Em 1992, impulsionados, sobretudo, pelas discussões que eclodiam no Brasil a partir da ECO-92, grupos organizados e movimentos sociais do Mato Grosso juntaram-se em uma articulação permanente. O objetivo era pôr em debate o modelo de desenvolvimento dominante e criar vozes dissonantes que reverberassem pelo encontro das Nações Unidas. O Fórum Matogrossense de Meio Ambiente e Desenvolvimento (Formad) dava os seus primeiros passos. Aos poucos, mais de 20 organizações representantes da sociedade civil somaram suas lutas e contribuições ao grupo.
Duas décadas depois, o Brasil é sede novamente da Conferência das Nações Unidas para o Meio Ambiente e Desenvolvimento – agora chamada de Rio +20. E, da mesma maneira, portanto, é necessário não apenas resgatar a trajetória histórico-política do Formad, mas também pensar sobre os desafios de sua luta e construir propostas que interfiram nas decisões tomadas no Rio de Janeiro pelos chefes de estado e pela ONU, garantindo os direitos dos povos e grupos atingidos pelos impactos dessa forma de desenvolvimento.

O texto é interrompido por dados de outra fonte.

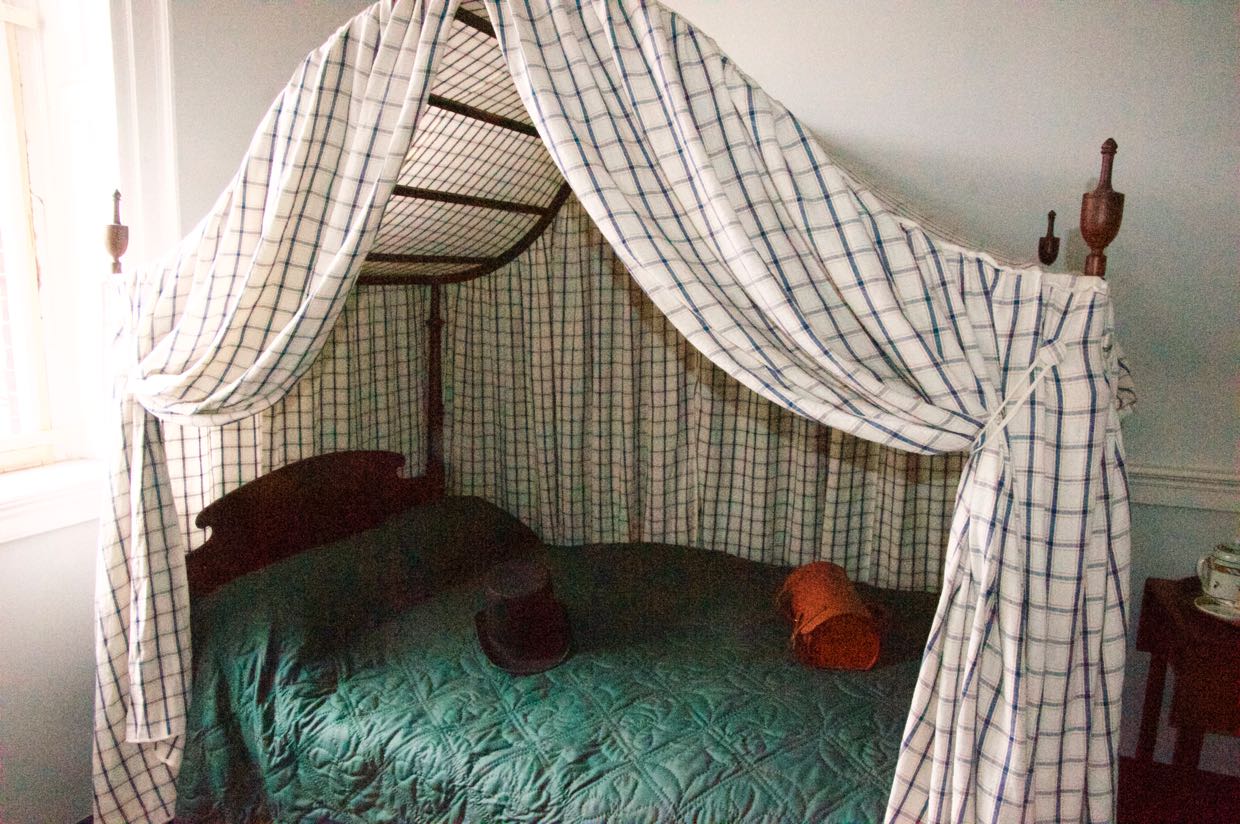 A private bed in the new building, which could be closed for privacy and warmth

Troca e sistematização de experiências
Foi para isso que se propôs a “Assembleia Formad 20 anos”. Entre 2 e 4 de abril, mais de 20 organizações matogrossenses socializaram problemáticas e ações de luta regionais. Para além de uma comemoração dos 20 anos de Fórum, a principal intenção do encontro era articular as diferentes entidades e movimentos do Mato Grosso para a composição de um banco de experiências com todas as informações obtidas sobre situações de injustiça ambiental. No segundo dia de encontro, foi desenvolvida uma oficina de mapeamento e coleta de dados sobre os impactos sócio-ambientais na produção de agrocombustíveis. Divididos em grupos, os participantes propuseram metodologias e construíram indicadores acerca desses impactos, sempre pensando de maneira crítica em relação aos próprios indicadores.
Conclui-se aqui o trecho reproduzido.